Smiling, trying not to laugh because it hurt his lungs, he started patting her with the same force she’d applied to him. She winced mightily when he struck her back, but said nothing.
“Too much?” he asked.
“It’s fine,” she said. “Just keep going.”
When he got to her butt, he skipped it and went to her legs. She stopped, turned around and said, “Are you sweet on men or something?”
“Excuse me?”
“My butt is dirty, no?”
“It is.”
She turned back around and he spanked the dust off it. His heart took off in his chest for an entirely different reason. The only way he could get through this was to tell himself she was acting in a purely utilitarian manner when she’d cleaned him, and that he should do the same.

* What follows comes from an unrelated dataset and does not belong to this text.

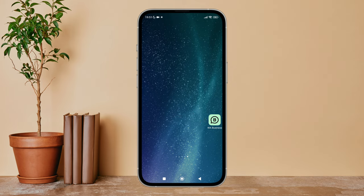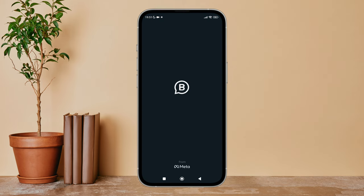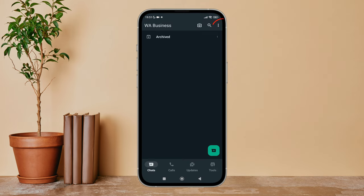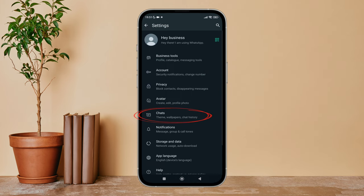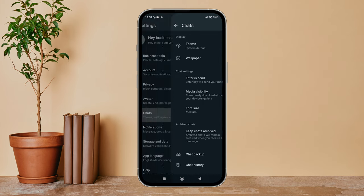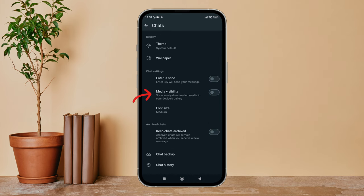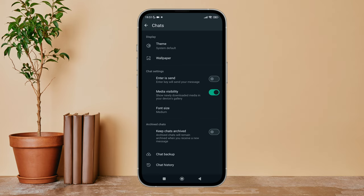Then tap on three dots icon, next tap on Settings. After that, tap on Chats. Next you can see the option of media visibility. Turn it on by tapping on it. So this is how you can turn on media visibility on WhatsApp Business.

It didn’t feel that way, though. For him, it felt more like anger and a bit of attraction mixed together. But then again, the girl was a virgin and way out of her element. That would cause anyone to act a bit…off.
He moved to the other side of her, patting the dust off her shins, knees and thighs, and then he looked up and raised an eyebrow in question. She give a nod and he patted her privates, working his way up to her stomach and over her chest. By the time he got to her shoulders he was sufficiently turned on and privately ashamed for feeling like this while so many people were dead in the hotel behind them.